Although it is in need of further modification and improvement, this questionnaire is sufficiently reliable and valid for evaluating the quality of life of Chinese oral cancer patients. It is a successful preliminary step in the development of quality-of-life measures specific to Chinese patients with oral cancer.
Conclusion
Based on literature review and clinic evaluation, Oral Cancer Quality-of-life Questionnaire (QOL-OC) were designed and demonstrates fairly good statistical reliability, validity, and feasibility.
Acknowledgements
We gratefully acknowledge the patients for participation in this study. We thank the Wuhan University School of Stomatology, the Wuhan University Zhongnan Hospital, Wuhan Hospice Center, Li Kashing Foundation, the Changzhou Stomatology Hospital, and Shenzhen No. 2 People’s Hospital for their supports.
Funding
The work was supported by the grant 81101221 from the National Natural Science Foundation of China and grants S2014862 and S2015877 from Wuhan University. S2014862 and S2015877 covered the cost of collecting data. Expenses on analysing the data and polishing the manuscript were paid by 81101221. The funders had no role in study design and decision to publish.
Availability of data and materials
All data generated or analysed during this study are included in this published article and its supplementary information files.

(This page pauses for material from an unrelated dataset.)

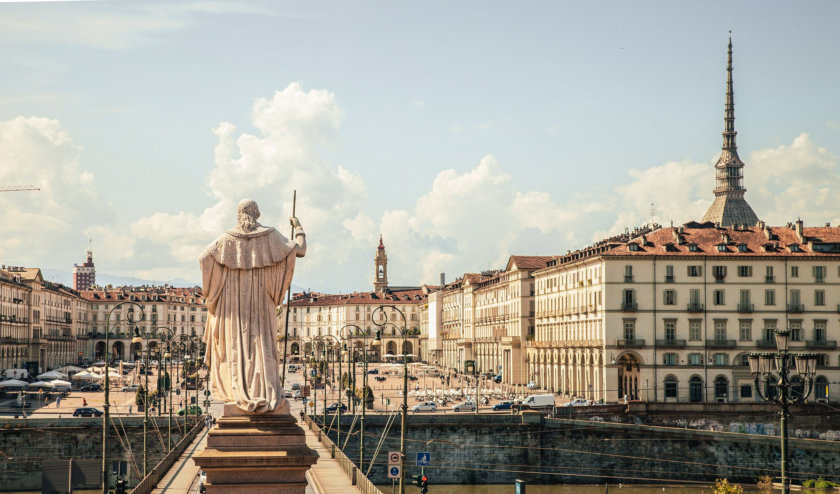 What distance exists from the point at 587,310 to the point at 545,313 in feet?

Ethics approval and consent to participate
This studies have been approved by the Medical Ethics Committee of Wuhan University and the number is 2013-043. All procedures performed in studies involving human participants were in accordance with the ethical standards of the institutional and/or national research committee and with the 1964 Helsinki declaration and its later amendments or comparable ethical standards. Oral or written informed consent was obtained from each patient before participation in the study.
Competing interests
The authors declare that they have no competing interests.